Wildflower Wednesday: Sneezeweed

Gail of clay and limestone hosts "Wildflower Wednesday" each month. I am happy to participate again this month.

I'm featuring a wildflower with a somewhat unfortunate name. It is a name which refers to one of the traditional uses of the plant. The dried and powdered leaves and flower heads will cause sneezing if sniffed and they were formerly used in the treatment of colds and congestion. An infusion of the leaves was also reportedly used by some Native Americans as a laxative. So, altogether, a fairly useful plant.

I don't use it for any of those purposes. This member of the aster family produces a plethora of pretty yellow ray flowers with dark brown disks. Moreover, the plants have an extremely long bloom period, beginning in April and lasting through much of the summer. I like them because they are pretty to look at.
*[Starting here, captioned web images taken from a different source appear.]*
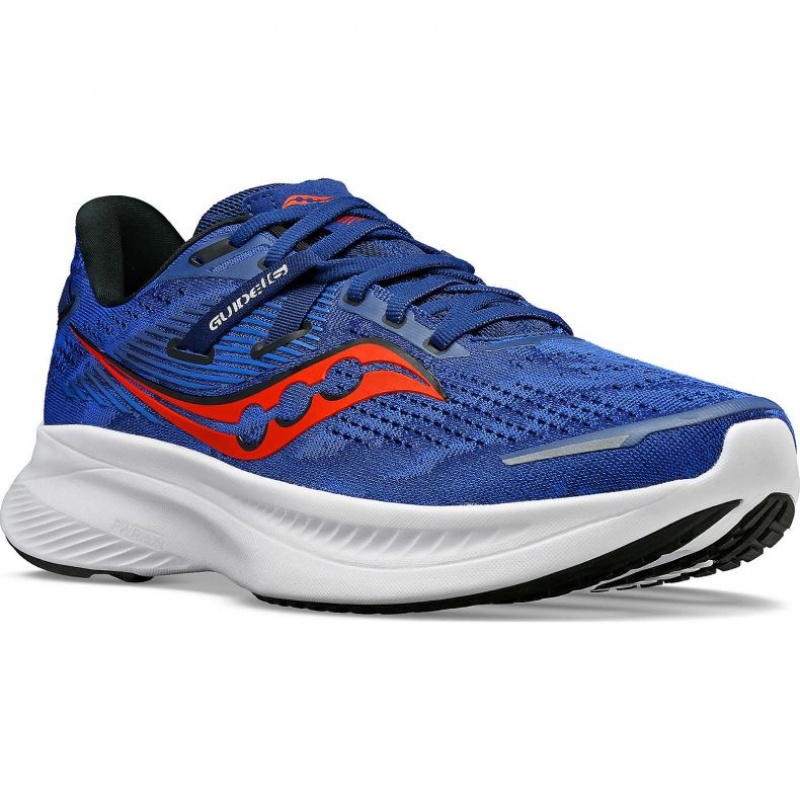 Saucony Guide 16 Men's Running Shoes Blue | Riyadh HMVNS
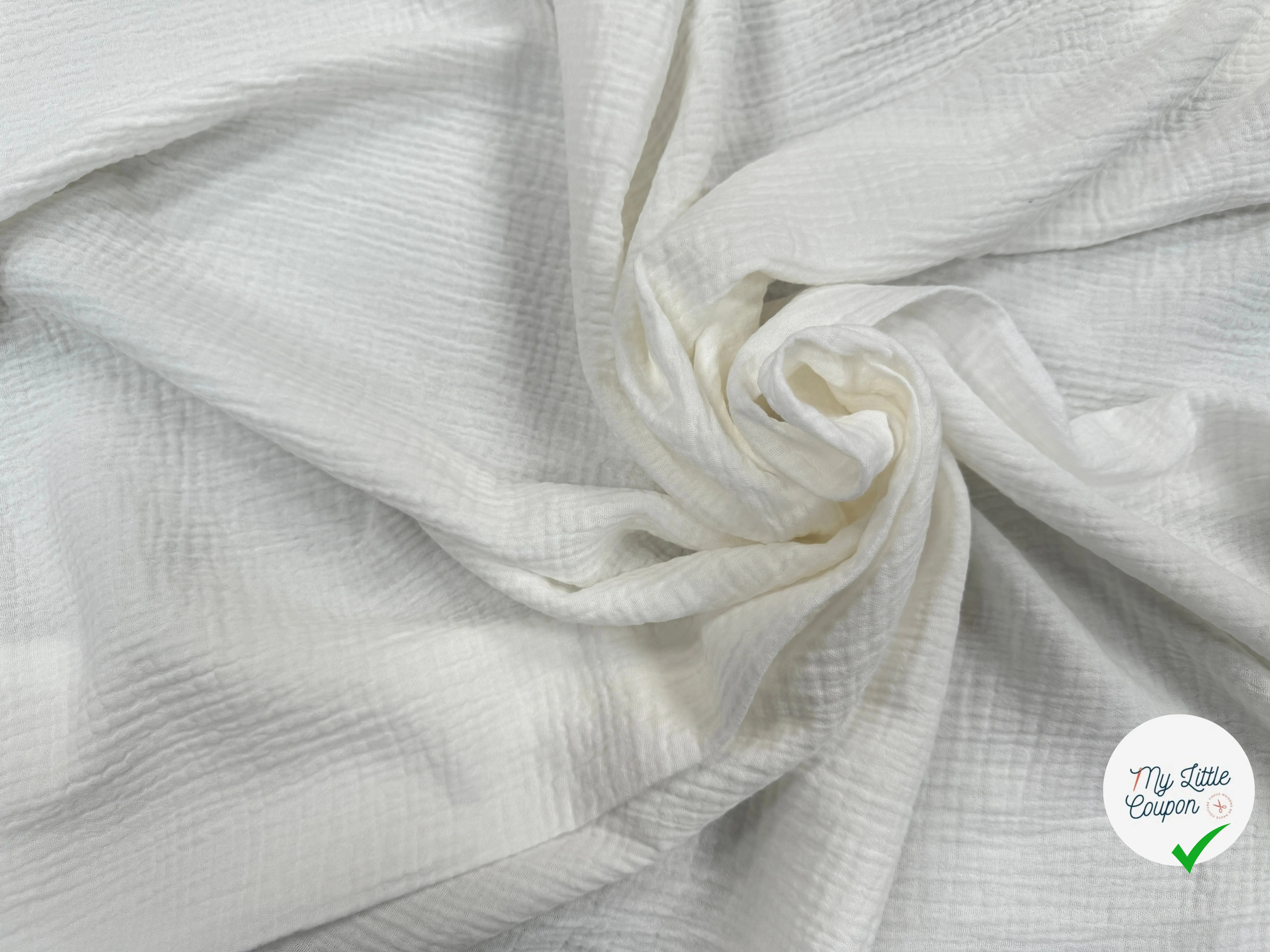 DOUBLE GAZE ECRU 132 CM - My Little Coupon
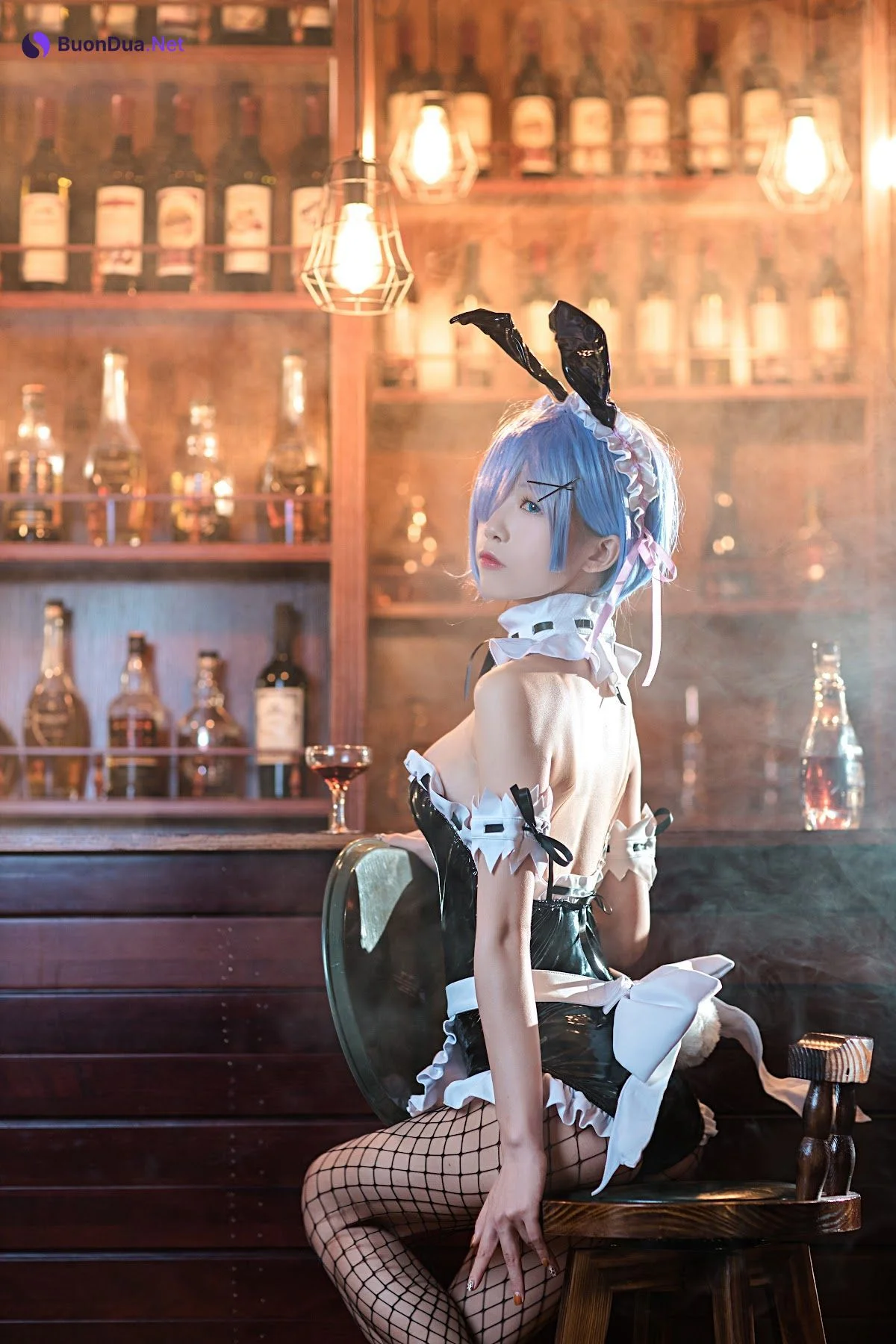 Coser@水淼Aqua Vol.025 蕾姆 兔女郎 - Photo 9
My plants have just begun to bloom but soon they will be covered in blossoms.

Just like this plant that I photographed last summer.

I got my start of sneezeweed in a mixed seed packet that I bought at Lady Bird Johnson Wildflower Center in Austin a few years ago. It reseeds itself around my garden each year.


  1. We have some of those flowers in front of the house.

    1. Good for you! It's always best to use native plants when we can.

  2. Now that is a very unique flower....love how the native peoples used our native plants for so much!

    1. They were certainly experts at utilizing what was available to them.